Viejo ya, vencido por los litros de alcohol mal digeridos, hundido por todas las derrotas y por la pérdida de su querida España, la España cainita que le llevó al exilio y al dolor, Pedro Garfias quiso intuir su muerte con un poema que se podría cantar por soleares: «Me gustaría, que fuera tarde y oscura, la tarde de mi agonía». No hay persona, poeta o no, que no haya pensado alguna vez en su propia muerte, pero somos muchos los que tememos más al dolor del trámite que a la muerte en sí, tan inevitable como unánime. «Muchos tragos es la vida, sólo uno es la muerte», dijo otro poeta, contemporáneo de Garfias, el inmenso Miguel Hernández, del que se acaba de cumplir el setenta y cinco aniversario de su evitable muerte.

Ese trago es el que ahora quiere venir a paliar la proposición de ley sobre muerte digna que se debatirá próximamente en el Congreso, y que pretenderá regular y limitar eso que llaman «esfuerzo terapéutico», que consiste en mantenerte con vida a toda costa, aun con grandes sufrimientos y sin posibilidad de mejoría, prohibiendo que se ensañen bienintencionadamente con uno en los últimos momentos.

Pero tal vez sea insuficiente con eso. Muchas veces tengo la sensación de que las leyes que se hacen para restringir algo siempre van un poco más allá de lo debido y las que quieren ampliar derechos de continuo se quedan algo cortas. Y suelen quedarse cortas para contentar a quienes, en uso de su libertad personal, nunca tomarían una determinada opción, pero están siempre empeñados en que los demás no puedan hacer lo que consideren oportuno. Yo puedo entender y aceptar los condicionantes morales de alguien que rechace la eutanasia porque sus creencias religiosas o morales así se lo marquen, pero lo que creen tan firmemente para sí mismos no deberían exigirlo a los demás. A mí, que soy lo que tengo más a mano, me gustaría elegir mi muerte como he elegido mi vida. Tener la opción de pararme donde me parezca oportuno sin que las creencias de otro se impongan sobre las mías. Permitir no es obligar, pero prohibir sí.

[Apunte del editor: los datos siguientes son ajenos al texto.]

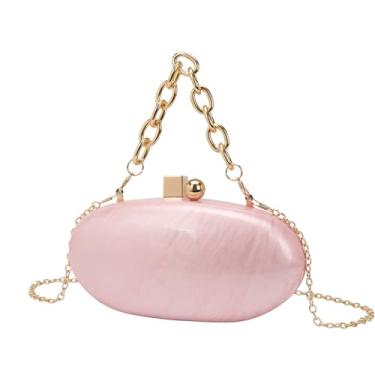 Imagem de KKFAUS Bolsas femininas de acrílico, bolsas carteiro de ombro de corrente elegantes bolsas para telefone, rosa, 21x8x10.5cm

Puestos a escoger, todos queremos que el tránsito sea corto, a ser posible inesperado y en horas de sueño, que cuando apaguen la luz nos pille con los ojos cerrados. Aspiramos a eso que dice Manuel Alcántara: «y morirme de repente, el día menos pensado, ese en el que pienso siempre», pero no nos ha sido dado elegir. Aún así, si el final que nos espera es inhumano, inútil e injusto, quisiera poder escapar de esa tortura llegando un rato antes donde, de todas maneras, me están esperando.